Crawled caption data:
————————
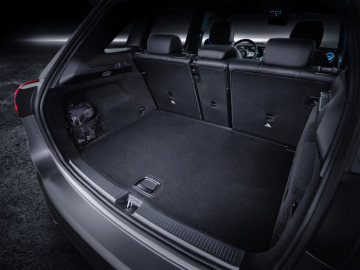 Mercedes-Benz B-Class, designo mountain grey magno, AMG styling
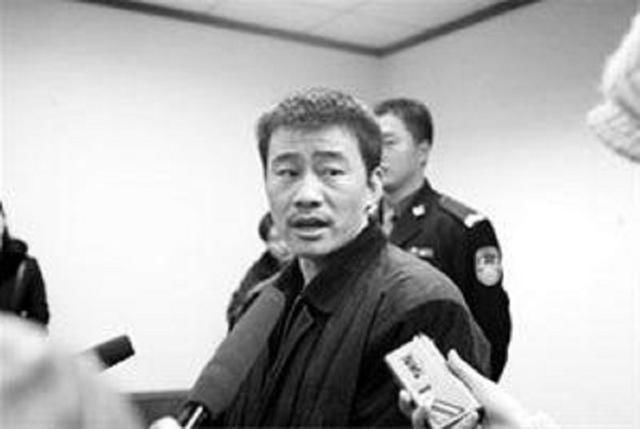  乔保峰|他6岁丧父外出打工，靠拾荒成百万富翁，最后却因偷电被捕入狱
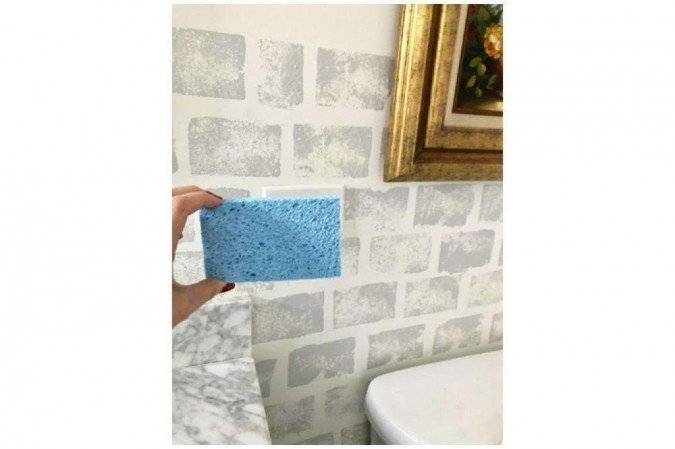 Esta parede foi pintada por Vanessa Lima com esponja para lavar louça
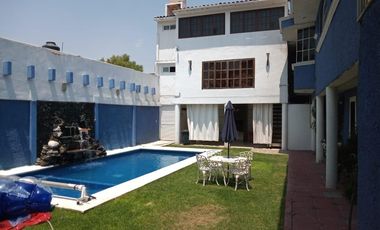 Departamento en  Hda Ojo de  Agua sup. 120 m2 planta baja  con Alberca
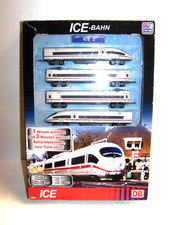 Happy People 36833 skala N ICE Bahn Zestaw startowy 4-częściowy do zasilania bateryjnego Oryginalne opakowanie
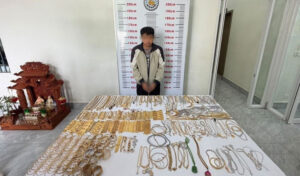 プノンペン　40万ドル相当の宝石強盗事件で男を逮捕　盗品を被害者に返還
————————
● **Exercise description**
Give back the lines from the one containing "Happy People 36833" through the last line of the records above exactly as they appear, both included, and no pictures.

● **Answer to this exercise**
 Happy People 36833 skala N ICE Bahn Zestaw startowy 4-częściowy do zasilania bateryjnego Oryginalne opakowanie
 プノンペン　40万ドル相当の宝石強盗事件で男を逮捕　盗品を被害者に返還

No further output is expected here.